For these reasons I would hold that the premium deposit receipt used by the defendant created a temporary contract of insurance subject to a condition — rejection of Stanley Grandpre’s application by the defendant or by the failure of the defendant to act upon the application within forty-five days. It would not have to be decided whether rejection would have been effective without notice to the applicant since rejection did not occur prior to his death, but, in fact, happened one day after his death. The temporary insurance contract upon Grandpre’s life was still in effect at the time of his death and the insurance company is liable. Patterson, Essentials of Insurance Law, 2d ed., p. 100 (1957); citing Gaunt v. John Hancock Mut. Life Ins. Co., supra; and Reck v. Prudential Ins. Co. of America, 1936, 116 N.J.L. 444, 184 A. 777; Allen v. Metropolitan Life Ins. Co., 1965, 44 N.J. 294, 208 A.2d 638; Ransom v. The Penn Mutual Life Insurance Company, supra; Prudential Insurance Company of America v. Lamme, supra; Toevs v. Western Farm Bureau Life Insurance Co., supra.

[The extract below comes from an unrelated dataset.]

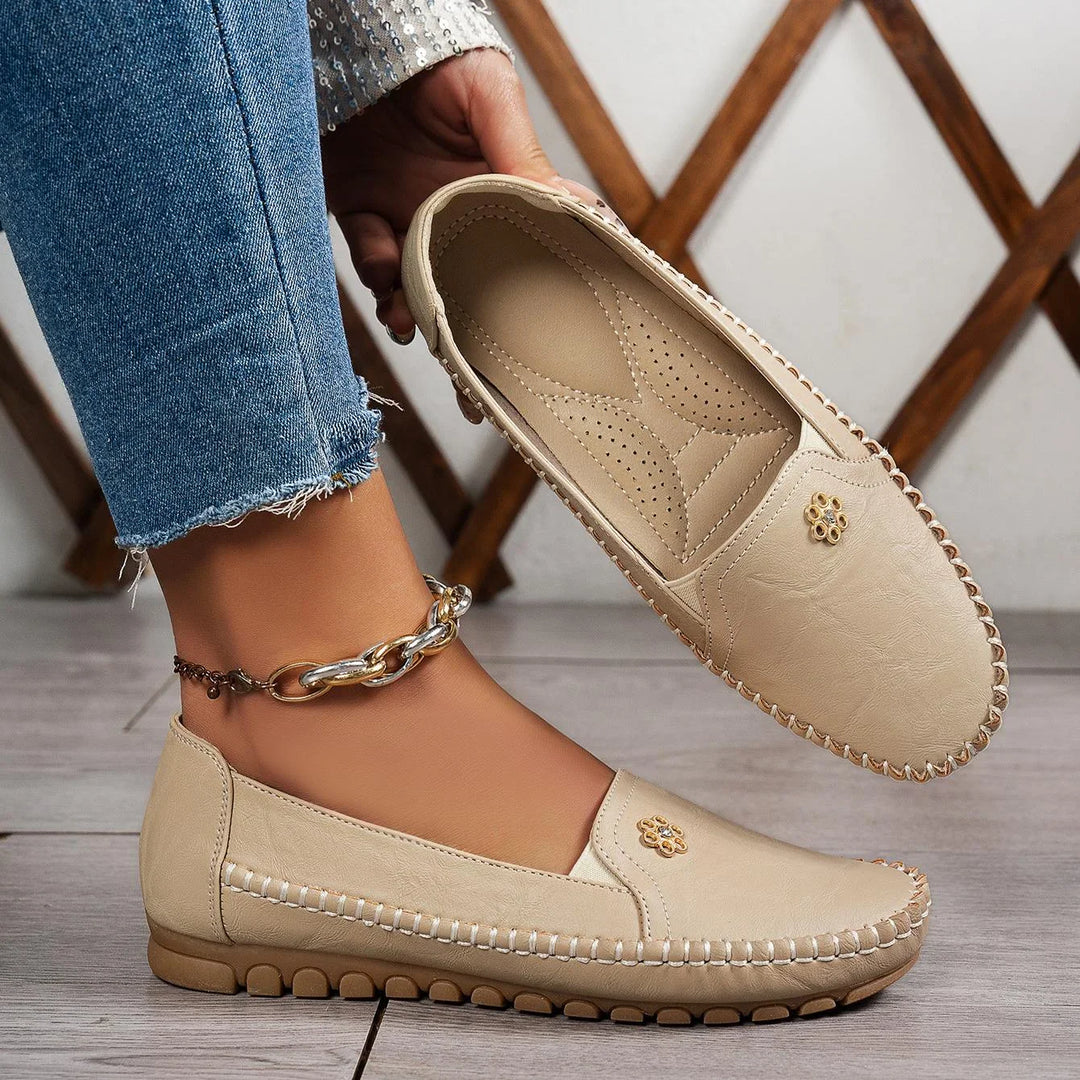 Avigayil - Leichte Orthopädische Leder Schuhe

. (1) Applicant is protected against subsequent change in physical condition which might otherwise render him unacceptable to the company; (2) The insurable applicant who dies prior to the completion of the company’s evaluation of the application is protected; (3) The policy would sooner become incontestable; (4) The policy would earlier reach maturity with corresponding acceleration of dividends and cash surrender; (5) If the insured’s birthday was *812between “completion" and “approval,” the premium would be computed at a lower rate; (6) When the policy covers disability, the coverage dates from “completion.” Rivota v. Fidelity & Guaranty Life Insurance Company, 1974, 7 Cir., 497 F.2d 1225; Gaunt v. John Hancock Mut. Life Ins. Co., 1947, 2 Cir., 160 F.2d 599.

. See Dairyland Ins. Co. v. Kluckman, 1972, 86 S.D. 694, 201 N.W.2d 209; Presentation Sisters, Inc. v. Mutual Ben. Life Ins. Co., 1971, 85 S.D. 678, 189 N.W.2d 452; Wilson v. Allstate Ins. Co., 1971, 85 S.D. 553, 186 N.W.2d 879; Aetna Ins. Co. v. Labor, 1970, 85 S.D. 192, 179 N.W.2d 271.

. Duerksen v. Brookings International Life & Cas. Co., 1969, 84 S.D. 20, 166 N.W.2d 567; Dakota Block Co. v. Western Casualty & Surety Co., 1965, 81 S.D. 213, 132 N.W.2d 826; Dairyland Ins. Co. v. Kluckman, supra.